Like other compute-oriented GPUs, PVC goes wide and slow. High memory bandwidth and FP64 throughput differentiate it from client architectures, which emphasize FP32 throughput and use caching to reduce memory bandwidth demands. Compared to Nvidia’s H100 and AMD’s MI210, PVC stands out because it lacks fixed function graphics hardware. H100 and MI210 still have some form of texture units, but PVC doesn’t have any at all. Combine that with its lack of display outputs, and calling PVC a GPU is pretty funny. It’s really a giant, parallel processor that happens to be programmed in the same way you’d program a GPU for compute.
PVC’s physical design makes it even more unique, because it’s a chiplet extravaganza.
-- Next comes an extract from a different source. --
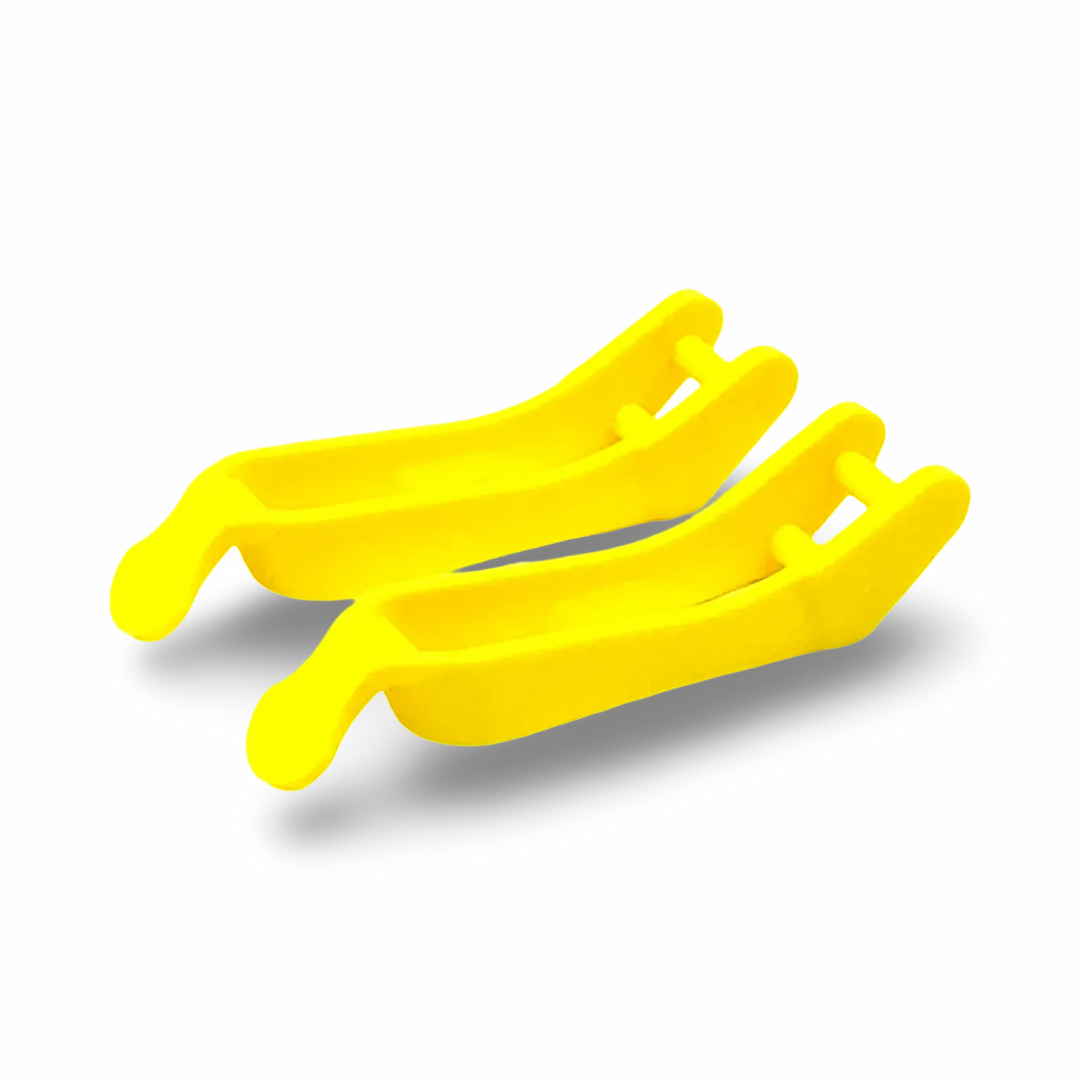 RollerGard Gummistropper Neon Gul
Compute tiles fabricated on TSMC’s 5 nm process contain PVC’s basic building blocks, called Xe Cores. They sit on top of a 640 mm2 base tile, which contains a giant 144 MB L2 cache and uses Intel’s 7 process. The base tile then acts as an IO die, connecting to HBM2e, PCIe, and peer GPUs. PVC combines five different process nodes in the same package, and connects them using embedded bridges or 3D stacking. Intel has pulled all the stops on advanced packaging, making PVC a fascinating product.
Today, we’re looking at the Intel GPU Max 1100, which implements 56 Xe Cores and clocks up to 1.55 GHz. Its base tile has 108 MB of L2 cache enabled, and connects to 48 GB of HBM2e memory with a theoretical 1.2 TB/s of bandwidth. The Max 1100 comes as a PCIe card with a 300W TDP, making it similar to AMD’s MI210 and Nvidia’s H100 PCIe.
Cache and Memory Latency
Intel uses a two-level caching setup, but with higher capacity and latency than contemporary compute GPUs. To start, each Xe Core gets a massive 512 KB L1 cache. Like Nvidia, Intel allocates both L1 cache and local memory out of the same block of storage. Unlike Nvidia, Intel recognized that our memory latency test doesn’t use any local memory, and gave it the entire 512 KB. L1 latency is reasonably good considering the cache’s size.
If accesses miss the L1, they proceed to access L2 on the base tile. Intel’s L2 cache (sometimes called a L3) is massive, with 144 MB of nominal capacity. We have 108 MB enabled on the SKU we had access to, which is still no joke. A fully enabled AD102 die from Nvidia’s Ada Lovelace architecture has 96 MB of L2 cache, while AMD’s RDNA 2 has up to 128 MB of Infinity Cache. Both architectures represent a recent trend where consumer GPUs are using giant caches to avoid exotic VRAM setups, and PVC’s cache is firmly in the “giant cache” area.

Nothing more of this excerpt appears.